■ **EXERCISE MATERIALS**
____

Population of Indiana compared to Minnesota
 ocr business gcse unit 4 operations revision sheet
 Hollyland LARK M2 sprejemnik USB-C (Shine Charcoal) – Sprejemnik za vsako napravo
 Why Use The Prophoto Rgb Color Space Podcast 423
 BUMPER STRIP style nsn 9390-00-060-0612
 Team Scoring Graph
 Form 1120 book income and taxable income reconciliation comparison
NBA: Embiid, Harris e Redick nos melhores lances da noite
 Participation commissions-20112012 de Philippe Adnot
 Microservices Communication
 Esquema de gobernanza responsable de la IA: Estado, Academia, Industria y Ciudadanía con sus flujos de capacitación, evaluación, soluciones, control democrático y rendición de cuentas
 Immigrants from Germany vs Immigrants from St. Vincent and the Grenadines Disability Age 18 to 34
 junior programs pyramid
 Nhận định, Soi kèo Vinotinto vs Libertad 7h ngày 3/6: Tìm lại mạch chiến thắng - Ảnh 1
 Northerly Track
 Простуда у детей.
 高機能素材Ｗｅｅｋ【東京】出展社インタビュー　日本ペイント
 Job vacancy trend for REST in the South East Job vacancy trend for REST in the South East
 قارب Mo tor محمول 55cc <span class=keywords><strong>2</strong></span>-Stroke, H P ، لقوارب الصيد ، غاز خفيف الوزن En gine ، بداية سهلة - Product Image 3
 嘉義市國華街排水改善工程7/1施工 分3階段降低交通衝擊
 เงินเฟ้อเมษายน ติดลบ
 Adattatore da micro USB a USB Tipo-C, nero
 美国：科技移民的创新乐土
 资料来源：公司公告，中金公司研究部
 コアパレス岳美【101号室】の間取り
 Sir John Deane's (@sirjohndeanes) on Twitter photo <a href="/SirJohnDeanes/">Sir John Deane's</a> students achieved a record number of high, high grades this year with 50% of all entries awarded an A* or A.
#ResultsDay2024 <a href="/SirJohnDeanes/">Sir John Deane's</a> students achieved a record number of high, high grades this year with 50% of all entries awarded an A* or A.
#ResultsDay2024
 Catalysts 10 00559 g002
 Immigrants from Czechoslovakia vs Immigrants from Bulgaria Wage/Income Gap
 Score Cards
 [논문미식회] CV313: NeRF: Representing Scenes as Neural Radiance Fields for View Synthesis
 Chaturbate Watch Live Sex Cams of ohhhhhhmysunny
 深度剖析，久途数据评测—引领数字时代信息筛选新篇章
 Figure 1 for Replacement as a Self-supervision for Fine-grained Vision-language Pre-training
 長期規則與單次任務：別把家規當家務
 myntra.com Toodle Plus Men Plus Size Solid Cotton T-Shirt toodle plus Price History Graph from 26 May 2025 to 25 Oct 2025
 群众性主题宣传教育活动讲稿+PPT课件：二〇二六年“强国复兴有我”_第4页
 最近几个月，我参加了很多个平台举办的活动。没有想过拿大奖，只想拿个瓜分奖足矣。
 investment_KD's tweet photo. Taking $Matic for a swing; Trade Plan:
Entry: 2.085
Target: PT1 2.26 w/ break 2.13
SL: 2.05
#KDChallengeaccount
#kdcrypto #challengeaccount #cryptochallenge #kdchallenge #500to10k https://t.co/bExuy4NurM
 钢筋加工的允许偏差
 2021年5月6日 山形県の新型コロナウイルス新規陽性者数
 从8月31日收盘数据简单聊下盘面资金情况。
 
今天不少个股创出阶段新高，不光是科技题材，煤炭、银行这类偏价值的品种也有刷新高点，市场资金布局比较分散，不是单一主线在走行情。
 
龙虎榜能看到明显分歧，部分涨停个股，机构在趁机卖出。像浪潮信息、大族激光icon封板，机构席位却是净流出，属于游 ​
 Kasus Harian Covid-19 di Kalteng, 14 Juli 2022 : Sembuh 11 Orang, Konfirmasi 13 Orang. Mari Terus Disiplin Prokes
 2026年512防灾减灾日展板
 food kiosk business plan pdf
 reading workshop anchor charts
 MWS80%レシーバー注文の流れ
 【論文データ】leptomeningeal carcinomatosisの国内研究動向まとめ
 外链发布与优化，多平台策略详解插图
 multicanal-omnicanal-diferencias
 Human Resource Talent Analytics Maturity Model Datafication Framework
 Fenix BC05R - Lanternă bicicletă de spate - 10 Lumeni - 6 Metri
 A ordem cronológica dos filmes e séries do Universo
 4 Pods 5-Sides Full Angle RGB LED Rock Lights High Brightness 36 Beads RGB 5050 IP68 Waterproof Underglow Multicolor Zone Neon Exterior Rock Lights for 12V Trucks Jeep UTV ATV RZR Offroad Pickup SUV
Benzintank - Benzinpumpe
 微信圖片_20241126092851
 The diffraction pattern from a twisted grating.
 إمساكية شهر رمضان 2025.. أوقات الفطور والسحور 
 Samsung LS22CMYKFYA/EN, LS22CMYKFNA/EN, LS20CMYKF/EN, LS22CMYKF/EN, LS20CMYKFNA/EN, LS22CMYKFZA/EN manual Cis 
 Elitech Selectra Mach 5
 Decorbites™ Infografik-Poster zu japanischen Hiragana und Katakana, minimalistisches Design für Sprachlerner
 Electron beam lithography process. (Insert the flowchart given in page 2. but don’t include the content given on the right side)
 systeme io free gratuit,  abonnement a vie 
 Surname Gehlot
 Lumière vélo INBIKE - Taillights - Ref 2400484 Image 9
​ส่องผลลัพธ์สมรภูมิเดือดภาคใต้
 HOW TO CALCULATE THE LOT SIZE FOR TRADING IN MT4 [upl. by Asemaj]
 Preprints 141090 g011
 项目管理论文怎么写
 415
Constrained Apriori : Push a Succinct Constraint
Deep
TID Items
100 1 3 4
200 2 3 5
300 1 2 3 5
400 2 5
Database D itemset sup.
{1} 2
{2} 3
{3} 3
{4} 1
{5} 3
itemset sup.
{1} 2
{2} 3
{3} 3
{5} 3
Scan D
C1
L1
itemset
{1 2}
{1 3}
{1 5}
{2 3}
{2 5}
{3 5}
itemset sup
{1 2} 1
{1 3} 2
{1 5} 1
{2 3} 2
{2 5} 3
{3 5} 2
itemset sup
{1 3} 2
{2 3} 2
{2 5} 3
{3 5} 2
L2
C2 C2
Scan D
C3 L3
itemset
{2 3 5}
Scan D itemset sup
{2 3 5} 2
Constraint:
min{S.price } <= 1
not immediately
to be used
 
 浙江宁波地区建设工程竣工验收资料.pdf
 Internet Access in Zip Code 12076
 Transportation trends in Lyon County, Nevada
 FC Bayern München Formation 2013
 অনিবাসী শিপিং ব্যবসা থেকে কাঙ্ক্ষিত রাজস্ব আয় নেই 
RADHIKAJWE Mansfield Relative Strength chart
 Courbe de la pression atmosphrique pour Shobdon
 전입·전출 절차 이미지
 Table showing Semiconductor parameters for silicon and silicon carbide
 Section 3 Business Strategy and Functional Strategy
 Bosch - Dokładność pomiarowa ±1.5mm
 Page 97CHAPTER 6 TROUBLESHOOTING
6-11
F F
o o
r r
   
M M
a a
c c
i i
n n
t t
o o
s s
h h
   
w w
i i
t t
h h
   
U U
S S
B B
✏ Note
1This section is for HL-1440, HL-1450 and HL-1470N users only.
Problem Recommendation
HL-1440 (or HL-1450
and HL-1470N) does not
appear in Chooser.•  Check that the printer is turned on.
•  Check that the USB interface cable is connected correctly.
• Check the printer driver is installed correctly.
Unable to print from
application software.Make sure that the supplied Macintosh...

____

■ **PROBLEM TO WORK ON**
Say how many lines of the material contain the word "that". Add nothing to the number.

■ **EXERCISE RESULT**
3